*** Block opens ***
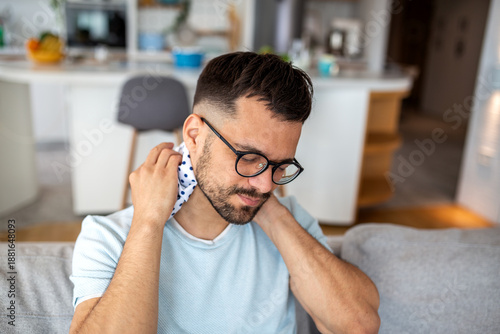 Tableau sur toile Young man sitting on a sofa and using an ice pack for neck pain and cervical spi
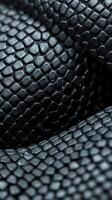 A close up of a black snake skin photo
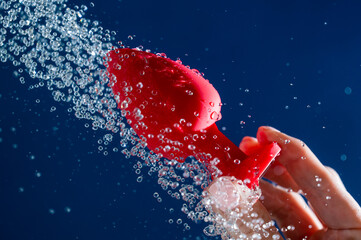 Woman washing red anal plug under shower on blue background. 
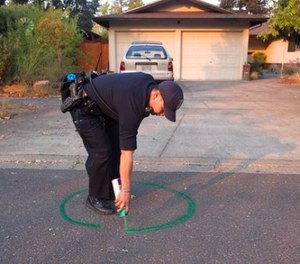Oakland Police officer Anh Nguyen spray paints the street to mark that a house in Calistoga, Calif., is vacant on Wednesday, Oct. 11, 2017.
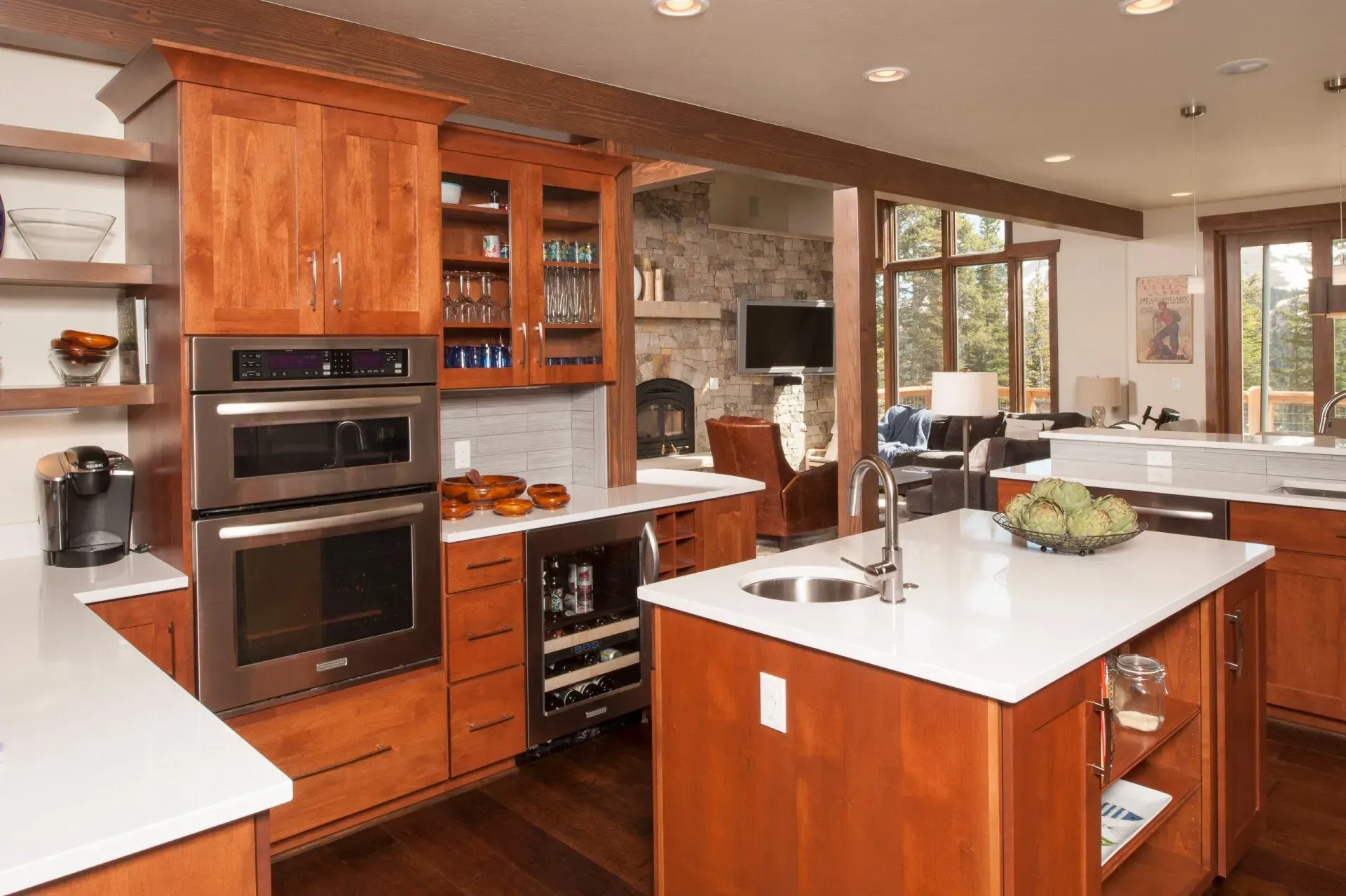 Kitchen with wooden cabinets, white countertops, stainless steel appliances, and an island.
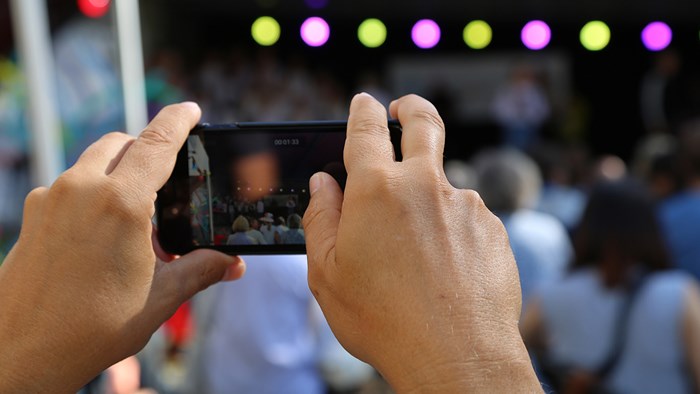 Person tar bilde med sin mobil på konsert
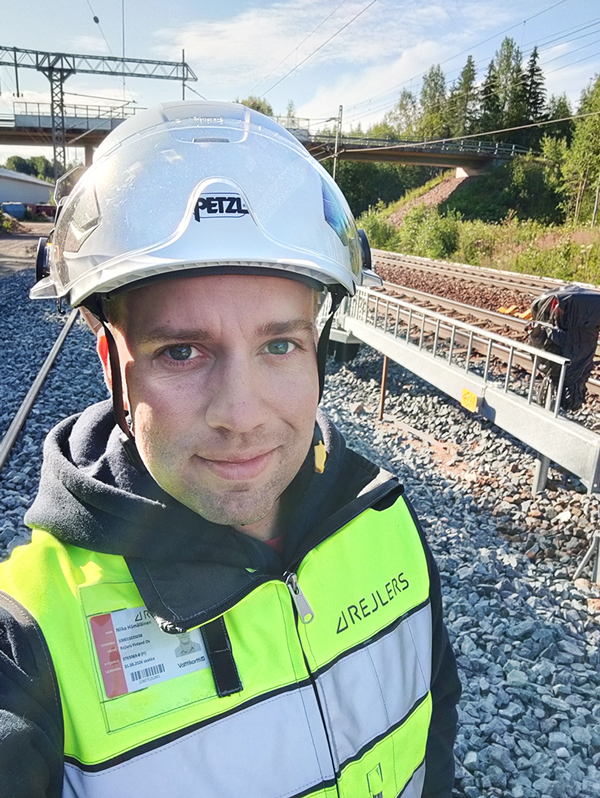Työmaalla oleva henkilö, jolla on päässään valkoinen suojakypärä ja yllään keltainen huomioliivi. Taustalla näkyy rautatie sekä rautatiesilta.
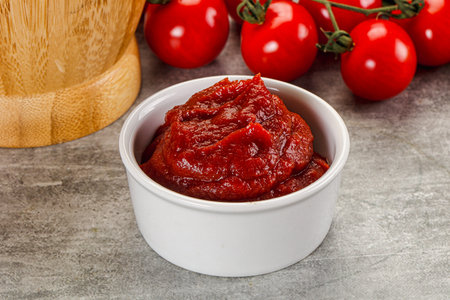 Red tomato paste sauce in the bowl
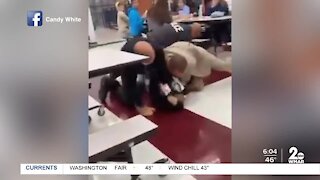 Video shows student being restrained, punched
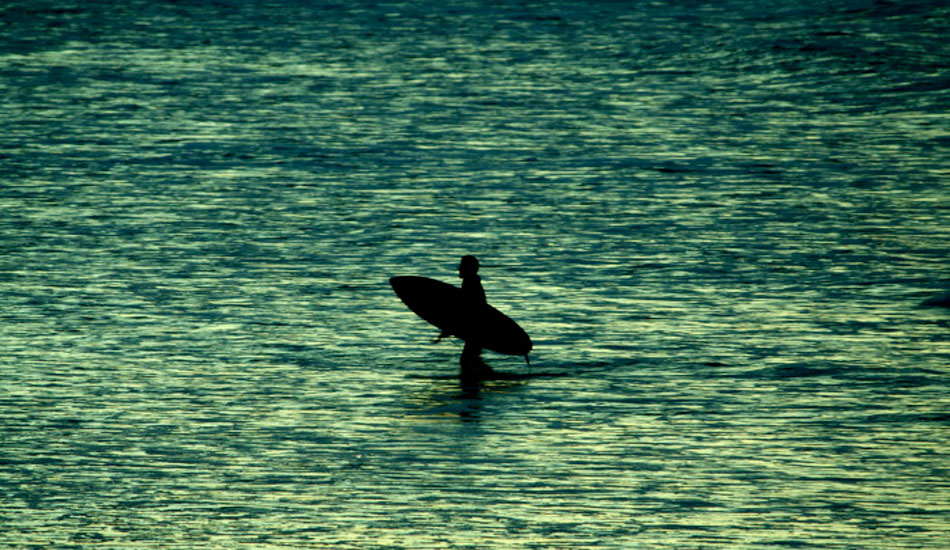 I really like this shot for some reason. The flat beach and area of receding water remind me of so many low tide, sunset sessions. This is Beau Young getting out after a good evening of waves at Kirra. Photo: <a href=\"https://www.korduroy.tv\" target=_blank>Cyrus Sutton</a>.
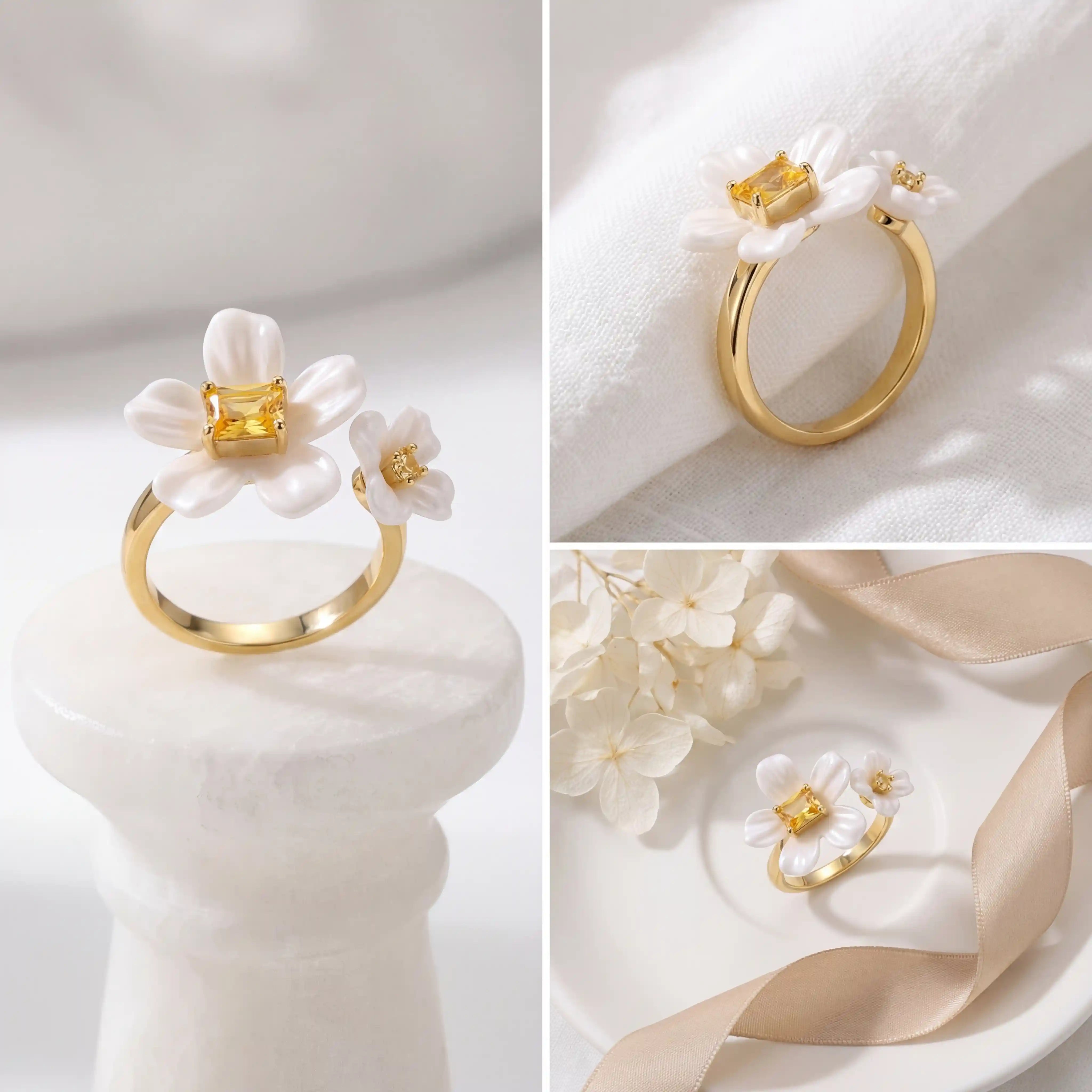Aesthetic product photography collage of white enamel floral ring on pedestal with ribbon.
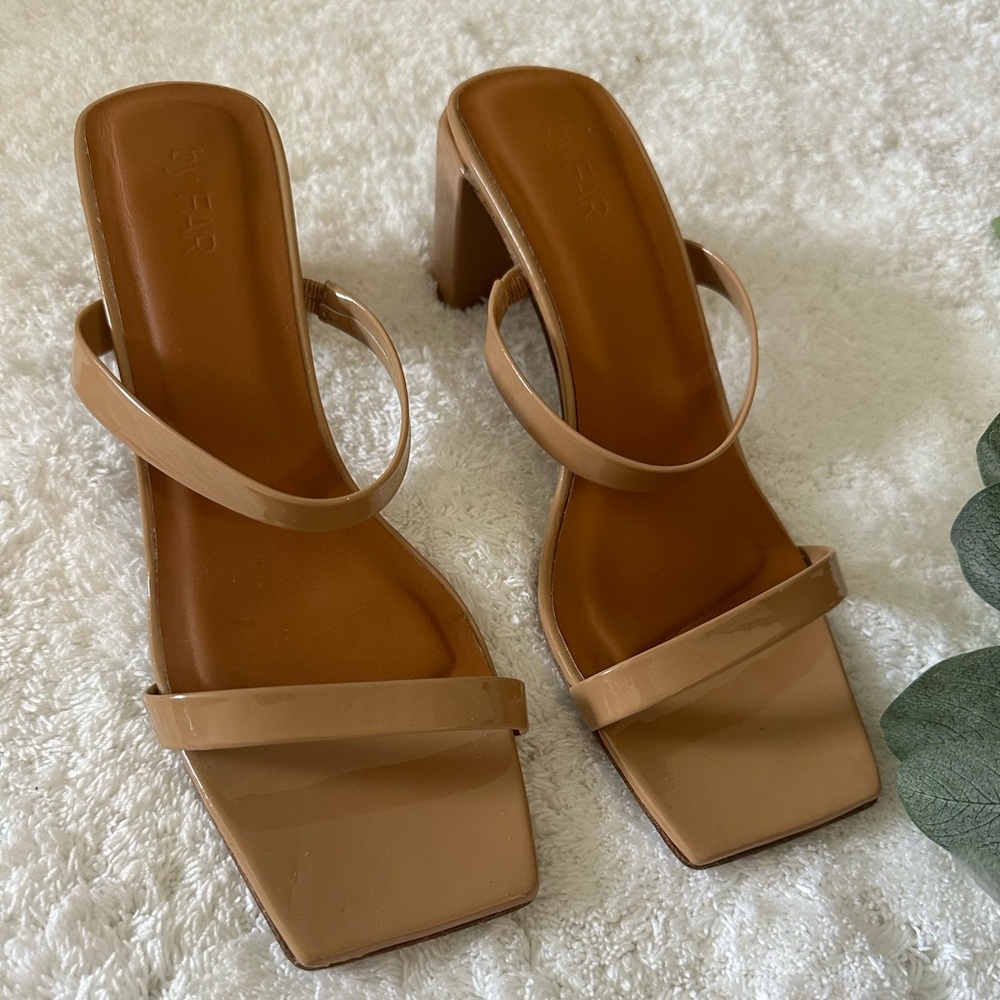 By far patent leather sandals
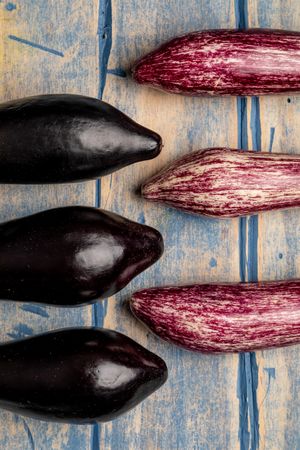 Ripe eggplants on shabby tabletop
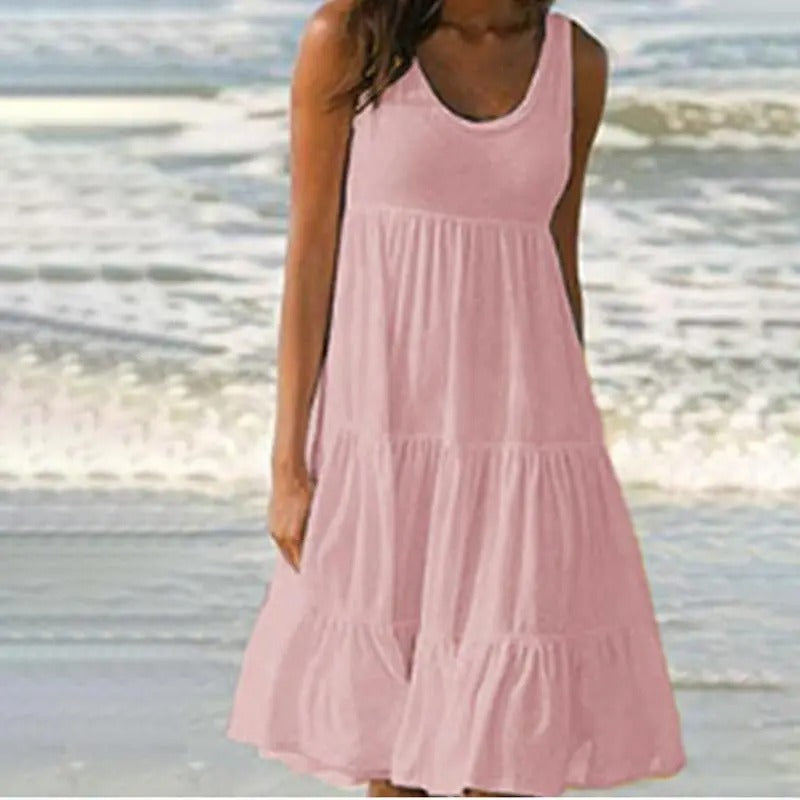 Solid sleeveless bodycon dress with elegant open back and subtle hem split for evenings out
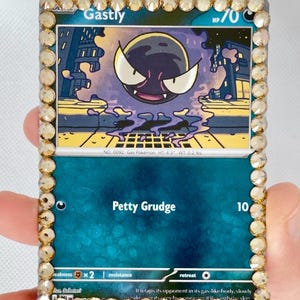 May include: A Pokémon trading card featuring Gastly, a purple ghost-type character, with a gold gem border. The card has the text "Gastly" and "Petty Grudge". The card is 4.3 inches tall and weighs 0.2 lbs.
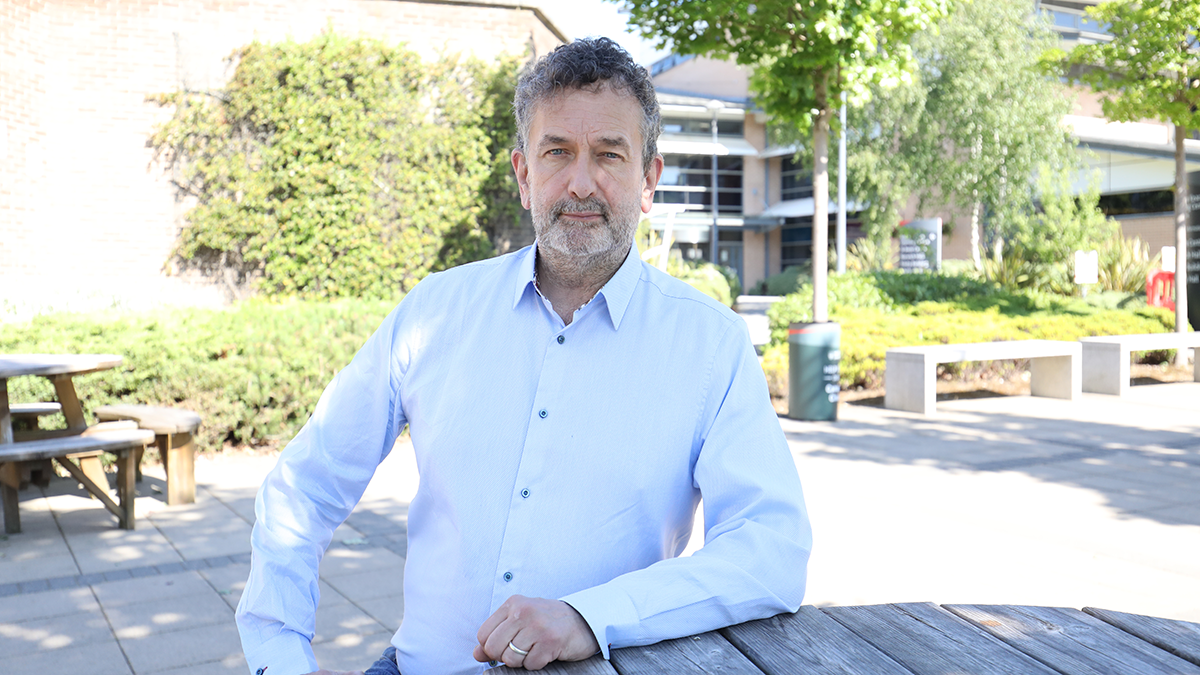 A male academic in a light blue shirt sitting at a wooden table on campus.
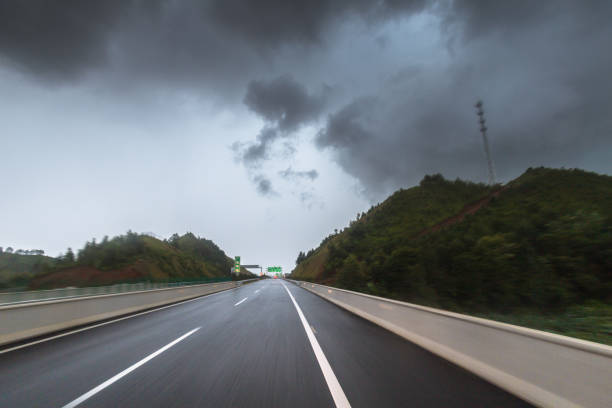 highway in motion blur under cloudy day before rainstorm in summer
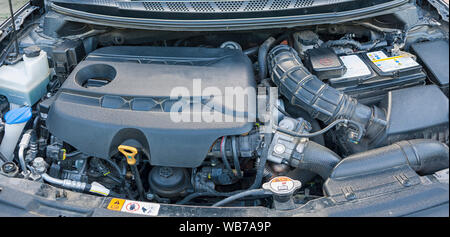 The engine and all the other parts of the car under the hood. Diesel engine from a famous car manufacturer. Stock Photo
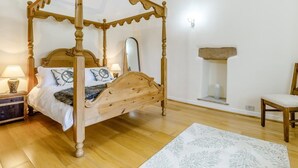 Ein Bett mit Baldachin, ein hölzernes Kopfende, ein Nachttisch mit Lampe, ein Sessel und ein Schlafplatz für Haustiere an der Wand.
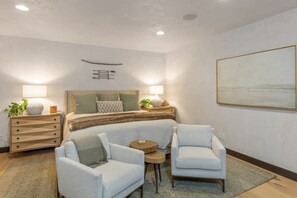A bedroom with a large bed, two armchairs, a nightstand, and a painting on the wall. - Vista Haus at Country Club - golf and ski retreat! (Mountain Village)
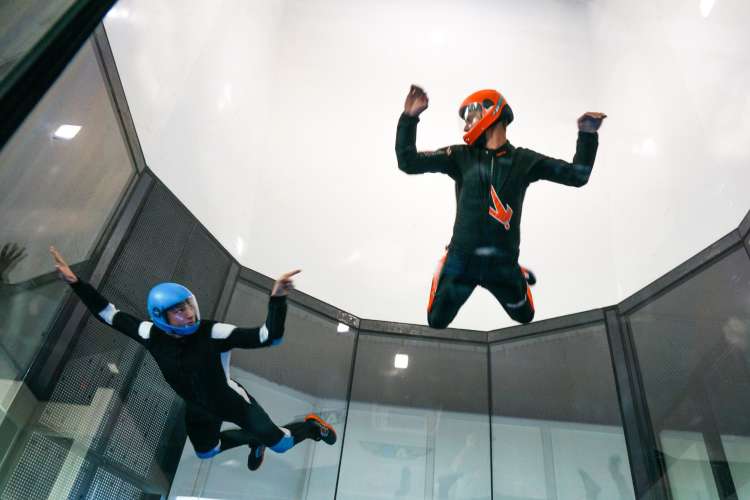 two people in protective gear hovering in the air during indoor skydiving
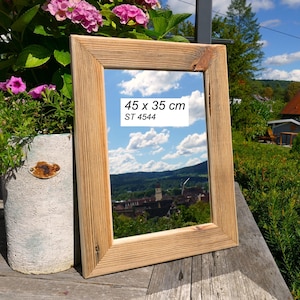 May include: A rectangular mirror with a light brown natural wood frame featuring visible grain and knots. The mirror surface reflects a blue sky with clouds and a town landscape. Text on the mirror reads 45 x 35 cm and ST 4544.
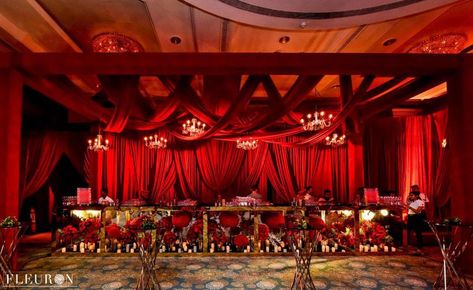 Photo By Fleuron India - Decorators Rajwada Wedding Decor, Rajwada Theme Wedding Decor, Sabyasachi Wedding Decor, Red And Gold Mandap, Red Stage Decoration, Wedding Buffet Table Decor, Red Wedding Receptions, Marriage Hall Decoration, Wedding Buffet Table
*** Block closes ***
### Instructions for the task
Retype every entry verbatim and exclude the pictures from the copy.

### Solution for this task
 Tableau sur toile Young man sitting on a sofa and using an ice pack for neck pain and cervical spi
 A close up of a black snake skin photo
 Woman washing red anal plug under shower on blue background. 
Oakland Police officer Anh Nguyen spray paints the street to mark that a house in Calistoga, Calif., is vacant on Wednesday, Oct. 11, 2017.
 Kitchen with wooden cabinets, white countertops, stainless steel appliances, and an island.
 Person tar bilde med sin mobil på konsert
Työmaalla oleva henkilö, jolla on päässään valkoinen suojakypärä ja yllään keltainen huomioliivi. Taustalla näkyy rautatie sekä rautatiesilta.
 Red tomato paste sauce in the bowl
 Video shows student being restrained, punched
 I really like this shot for some reason. The flat beach and area of receding water remind me of so many low tide, sunset sessions. This is Beau Young getting out after a good evening of waves at Kirra. Photo: <a href=\"https://www.korduroy.tv\" target=_blank>Cyrus Sutton</a>.
Aesthetic product photography collage of white enamel floral ring on pedestal with ribbon.
 By far patent leather sandals
 Ripe eggplants on shabby tabletop
 Solid sleeveless bodycon dress with elegant open back and subtle hem split for evenings out
 May include: A Pokémon trading card featuring Gastly, a purple ghost-type character, with a gold gem border. The card has the text "Gastly" and "Petty Grudge". The card is 4.3 inches tall and weighs 0.2 lbs.
 A male academic in a light blue shirt sitting at a wooden table on campus.
 highway in motion blur under cloudy day before rainstorm in summer
 The engine and all the other parts of the car under the hood. Diesel engine from a famous car manufacturer. Stock Photo
 Ein Bett mit Baldachin, ein hölzernes Kopfende, ein Nachttisch mit Lampe, ein Sessel und ein Schlafplatz für Haustiere an der Wand.
A bedroom with a large bed, two armchairs, a nightstand, and a painting on the wall. - Vista Haus at Country Club - golf and ski retreat! (Mountain Village)
 two people in protective gear hovering in the air during indoor skydiving
 May include: A rectangular mirror with a light brown natural wood frame featuring visible grain and knots. The mirror surface reflects a blue sky with clouds and a town landscape. Text on the mirror reads 45 x 35 cm and ST 4544.
 Photo By Fleuron India - Decorators Rajwada Wedding Decor, Rajwada Theme Wedding Decor, Sabyasachi Wedding Decor, Red And Gold Mandap, Red Stage Decoration, Wedding Buffet Table Decor, Red Wedding Receptions, Marriage Hall Decoration, Wedding Buffet Table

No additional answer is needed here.